We could all of us unravel
Published 6:27 am Wednesday, March 9, 2011
It is the feeling of watching a slow-motion train wreck, holding our collective breath as we wait for the impending crash
Maybe, it is that pull to rubberneck when we pass an accident. Perhaps, it is our curiosity at the sight of a police car with flashing lights sitting behind a pulled-over vehicle.
There is something in us that wants to know what is happening, something that wonders about the story taking place while we go on with our lives. Whatever “it” is, it is alive in the swirl going on around Charlie Sheen.
Now, I know some people are reading these words and saying, “No, not a column about Charlie Sheen.” Maybe they are right, Mr. Sheen probably doesn’t need more attention, but this isn’t so much about him as it is about the fact that his story is everywhere from television news to the New York Times.
I wondered what our fascination with such things says about us. All right, I know someone is saying, “I’m not fascinated with Charlie Sheen.” I’ll grant that this particular situation might not be an attention grabber for some, but I’m betting something similar has, at some time, been a “grabber.”
This morning I read comments posted on the New York Times Web site following a story about Sheen. All these folks saying how they are glad the studio fired him. They decried the attention he‘s getting. They ranted about people’s interest in him when there are other more important things going on in the world.
While they might have valid points, their outrage loses some of its power when you consider they are following the story or they wouldn’t be posting a comment. I had to laugh when that thought hit me.
So, what makes us look, listen and discuss what seems to be someone self-destructing? I don’t know if I can answer that question for society at large, but I can do some self-examination and maybe learn something about me.
To begin, I admit I’ve watched the interviews with this actor (it’s that rubbernecking at an accident thing kicking in I guess). And, a bunch of thoughts raced in as I listened to him rant about tiger blood and goddesses.
First, came judgment.
“He’s a nut. He’s a spoiled rich guy who thinks he’s more important than he is, etc.”
Then, a bit of superiority kicked in, a close cousin of judgment.
“He may be a celebrity with lots of money and fame, but my life is sure better than his appears to be. I’m so glad I’m not that crazy.”
Oh, and make room for condemnation, also related to judgment.
“Behaving this way — he deserves whatever he gets. The rest of us can’t go around acting out, why should he get away with it?”
Finally, after patting myself on the back for how much better I am than some nutty celebrity, I looked at the image of this man, really saw him beyond the glare of the cameras and heard him over the noise of sound bites.

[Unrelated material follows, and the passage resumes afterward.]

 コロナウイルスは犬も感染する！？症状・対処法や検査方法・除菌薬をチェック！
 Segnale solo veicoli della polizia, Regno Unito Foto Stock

I saw wildness in his eyes, a lost empty look, and said to myself, this is a person in trouble who doesn’t even know he’s in deep trouble.
So what is my lesson in this Charlie Sheen madness?
That I, that any of us, have the potential for unraveling; it’s part of being human. What saves us is grace, love and having people who care about us.
Will I stop watching the train wreck that appears to be Charlie Sheen’s life and other future train wrecks that get media attention? Perhaps. Hopefully.
But I am human enough to know, I will feel that desire to look. However, if I listen for compassion in the midst of the judgment and condemnation, I might hear a small voice whisper, “There but for the grace of God go I, go any of us.”